_Activity_:
The records are to be repeated in full, with the images removed.

Scraped caption text data
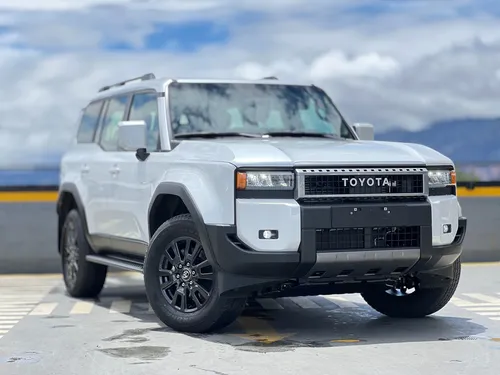 Toyota Land Cruiser Prado 2.8 Tx-L At8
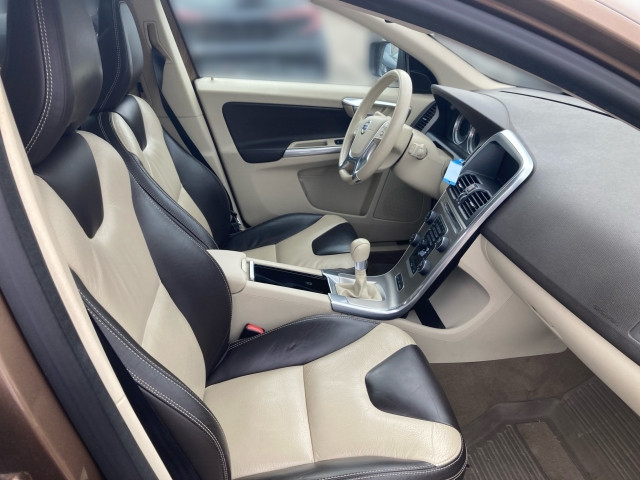 Bild 5: VOLVO PKW XC60 D5 AWD Summum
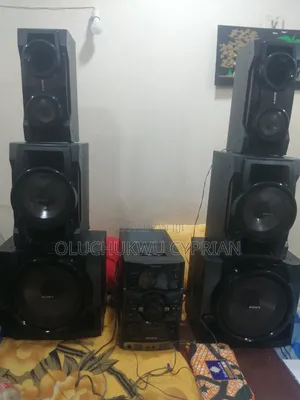 Bluetooth Enabled Sony Genezi Massive Sound Machine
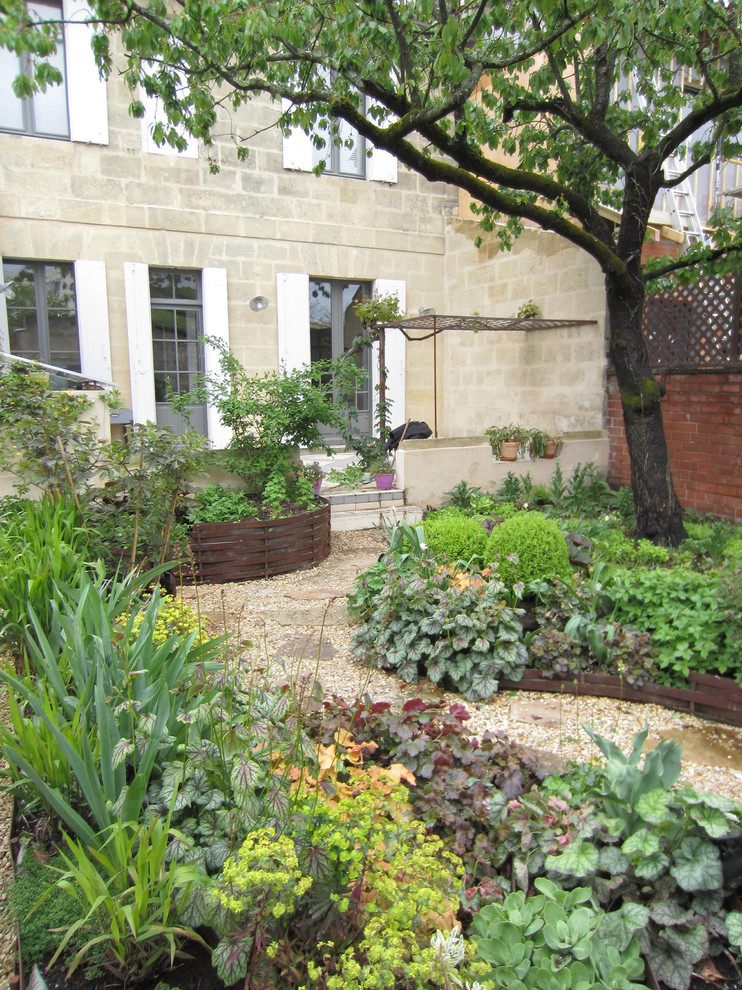Jardin de grand mère // Jardin de curé Farmhouse Landscape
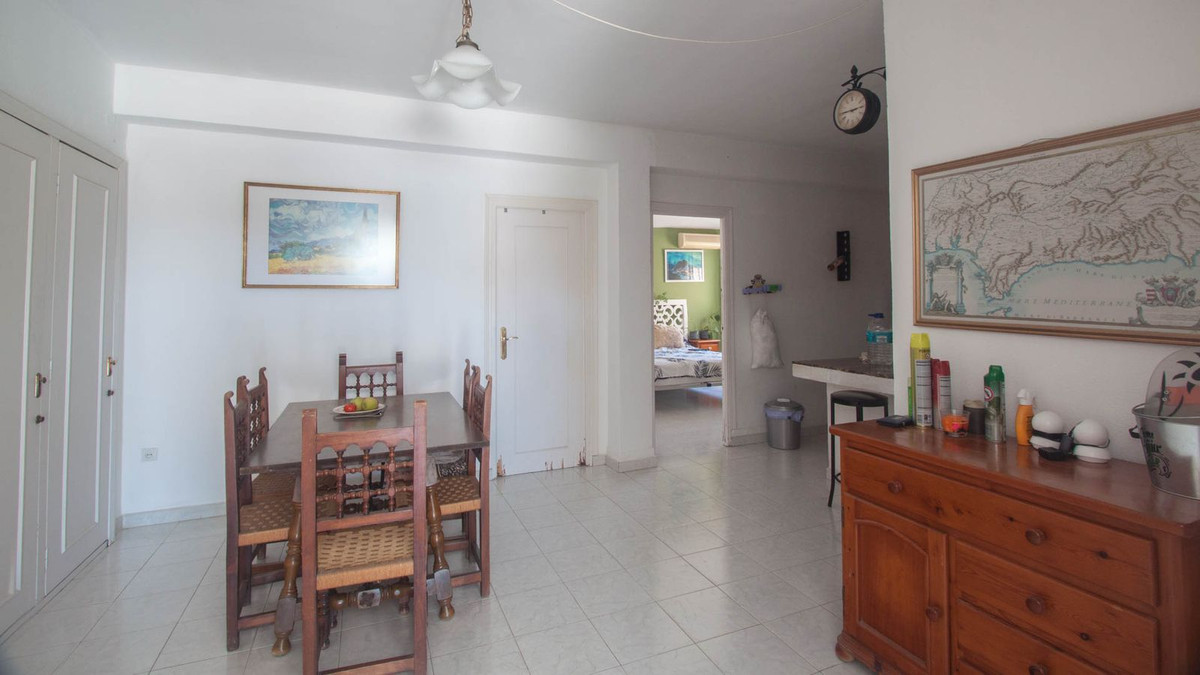 4 Bed Townhouse for sale in Estepona Costa Del Sol, Málaga, Spain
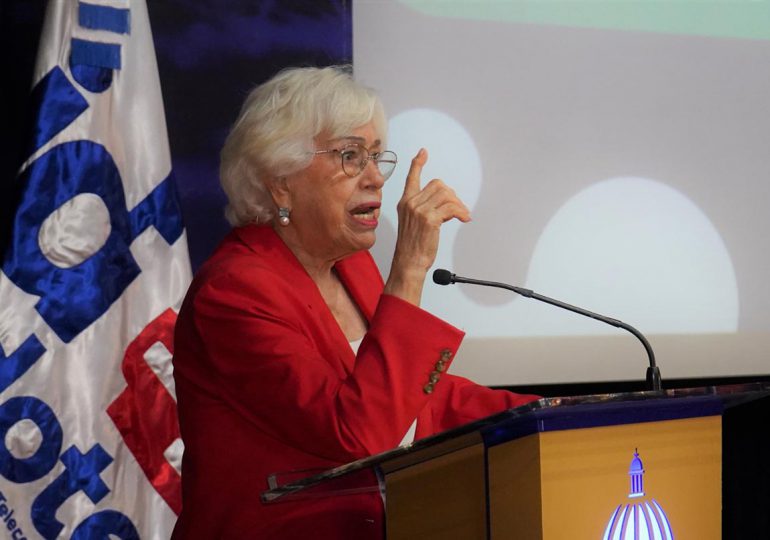 Dirección General de Ética y Superintendencia de Seguros celebran conferencia sobre la confidencialidad en la gestión pública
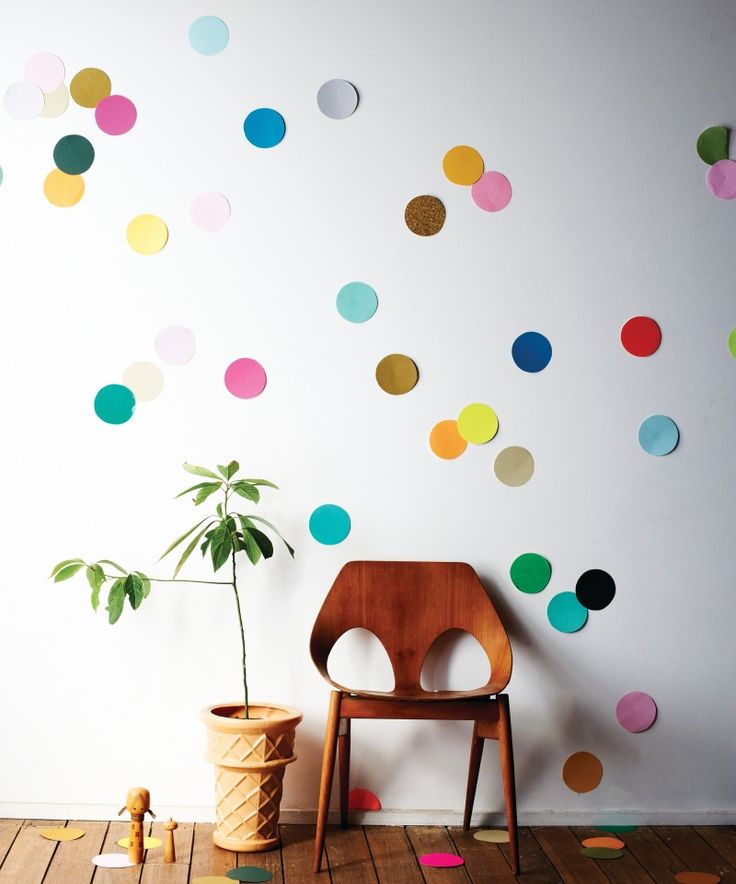 Confetti wall photo booth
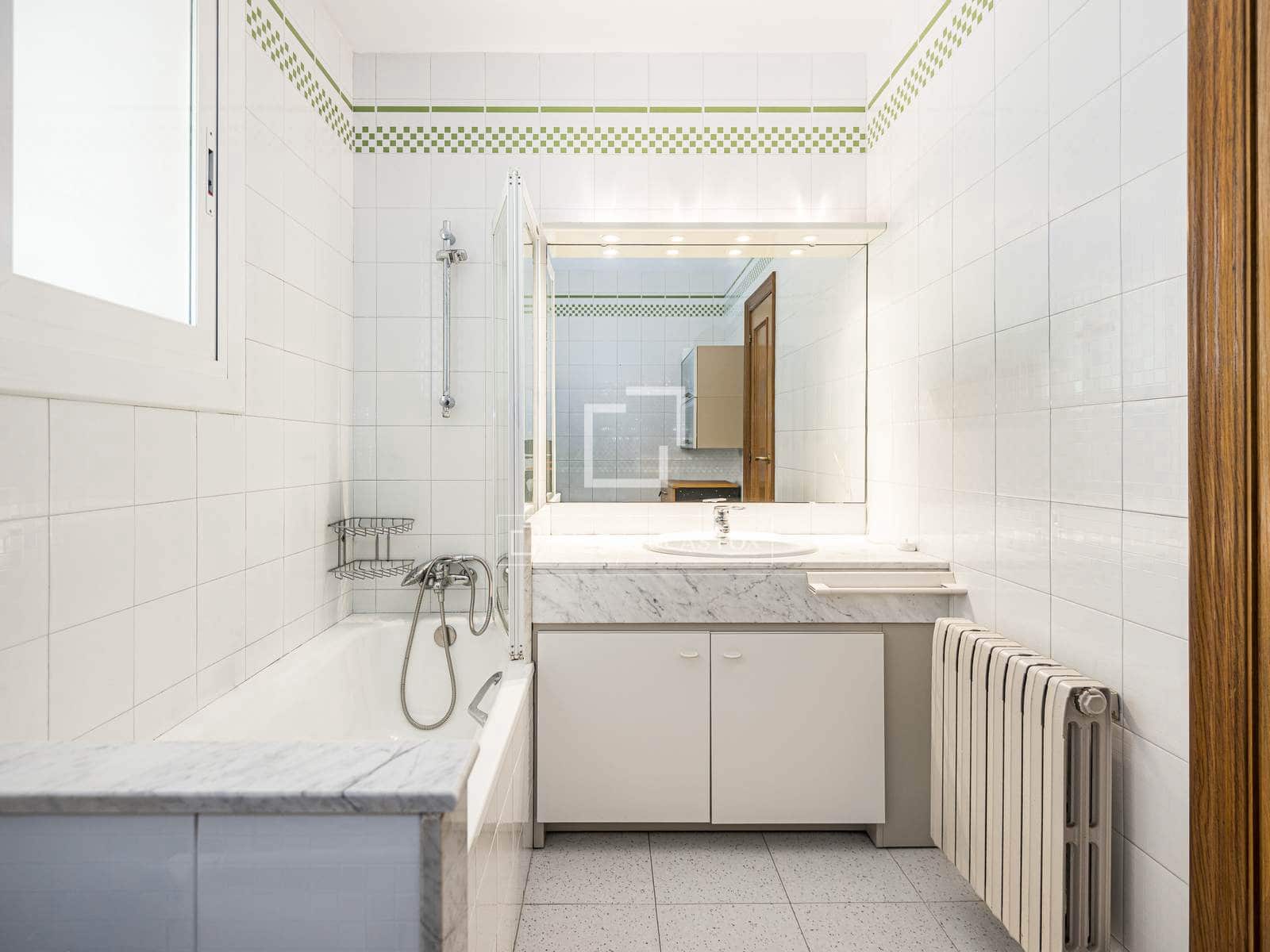 4 soveværelse Villa til salg i Bellaterra med swimmingpool garage - € 1.380.000 (Ref: 9978023)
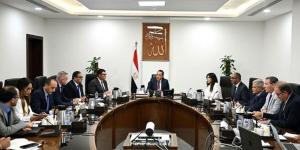 رئيس الوزراء يُتابع الإجراءات والموقف التنفيذي لمشروعات تحلية مياه البحر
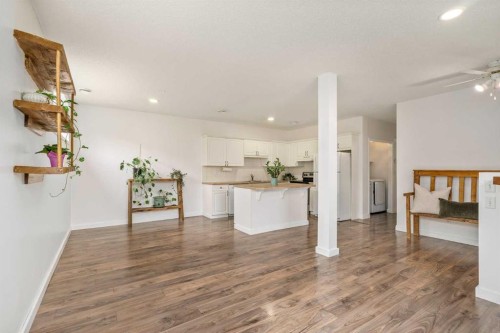 2-116 First Street, Cochrane, AB - Indoor Photo Showing Kitchen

_Completed task_:
 Toyota Land Cruiser Prado 2.8 Tx-L At8
 Bild 5: VOLVO PKW XC60 D5 AWD Summum
 Bluetooth Enabled Sony Genezi Massive Sound Machine
Jardin de grand mère // Jardin de curé Farmhouse Landscape
 4 Bed Townhouse for sale in Estepona Costa Del Sol, Málaga, Spain
 Dirección General de Ética y Superintendencia de Seguros celebran conferencia sobre la confidencialidad en la gestión pública
 Confetti wall photo booth
 4 soveværelse Villa til salg i Bellaterra med swimmingpool garage - € 1.380.000 (Ref: 9978023)
 رئيس الوزراء يُتابع الإجراءات والموقف التنفيذي لمشروعات تحلية مياه البحر
 2-116 First Street, Cochrane, AB - Indoor Photo Showing Kitchen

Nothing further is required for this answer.